My favorite model is the Milwaukee Fastback II folding utility knife, but that’s because I prefer a folding model. If you go through blades like there’s no tomorrow, you’ll want something with more storage—perhaps something like one of the new Irwin utility knives. This sounds like an easy question, but realize that utility knives are made in specific ways for specific tasks. For those laying carpet, you’ll want a knife that is always ready and can handle quick, painless blade changes (which you’ll be doing at a rate of about – oh, I don’t know – once per minute, lol.) If you just want something for general use (opening packages, sharpening pencils, etc) then consider going with a standard knife that has a retractable blade and can easily change blades when needed. For those wanting something a bit different, a folding razor knife might be the ticket. Others will want a smaller-profile hobby knife with breakaway blades – those qualify in this category as well. In either case, it’s important to match the knife to your intended use – or just plan on picking up a couple different variations of the tool.

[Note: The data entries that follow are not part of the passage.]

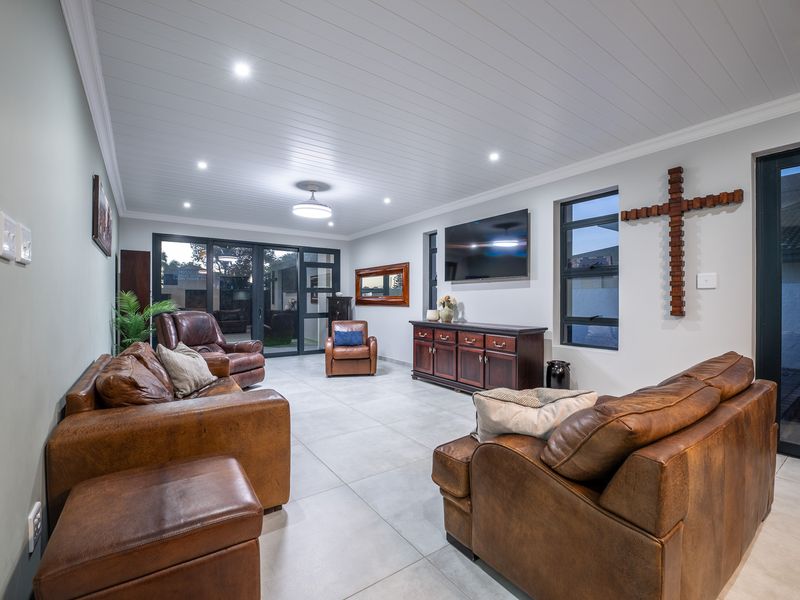 Coastal Living at Its Finest A Warm Welcome Home - Photo 4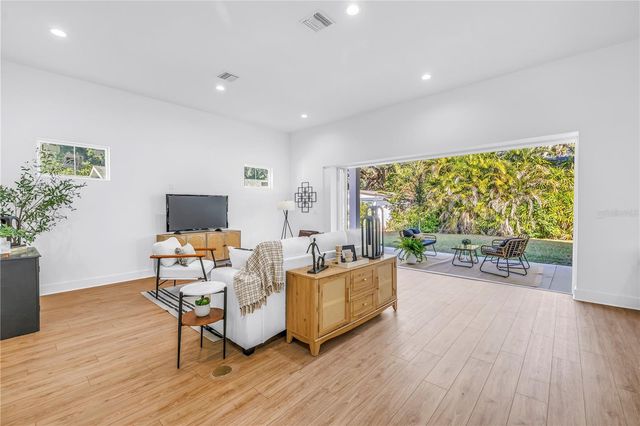 1025 42ND AVENUE N, St Petersburg, FL 33703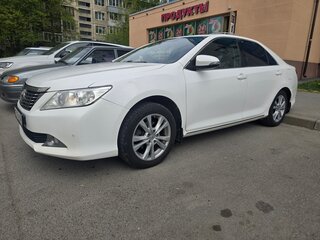 2013 Toyota Camry VII (XV50), белый, 1370000 рублей, вид 1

Basic Types of Utility Knives

There are three essential types of utility knives. If you want the best utility knife for your application, understand each one. I’m sure you can come up with a few more that might deserve their own category, but for sake of simplicity, we’ll contain the descriptions to these three:

  • Retractable Knives – These knives are the most common utility variety and feature a sliding blade mechanism with variable depth. Actuation is typically through a button which is depressed with the thumb to expose the knife and control the depth of the blade (some knives are all or nothing). Most retractable knives can accept multiple blade types, but this varies from manufacturer to manufacturer. Simple versions feature a straight handle and some kind of screw to separate the device and load spare blades, while advanced models may be more ergonomic in shape and offer quick release blade changes
  • Fixed-Blade Knives – These knives are perfect for heavy duty use and precision cuts. Since the blade gets locked into a single position, the knife experiences no “blade slop” or side-to-side wiggle which is common in standard retractable knives. Since the blade doesn’t retract, it’s important to carefully store these knives or even remove the blades when not in use. These knives are most commonly found in the carpeting industry and they can typically accept many different types of blades. Apart from the common full-sized knife, certain hobby knives are also fixed-blade in design and can support ultra-sharp blades of various sizes and shapes that are used for precision cuts.
  • Breakaway-Blade Knives: These knives feature segmented blades that are broken off in sections to deliver a brand new edge once the old one is too dull to be useful. The idea is that cutting can continue without the need for a blade change and these knives are ideal for many hobby tasks where heavy-duty use is not required. Most blades come with anywhere from 8 to 13 segments.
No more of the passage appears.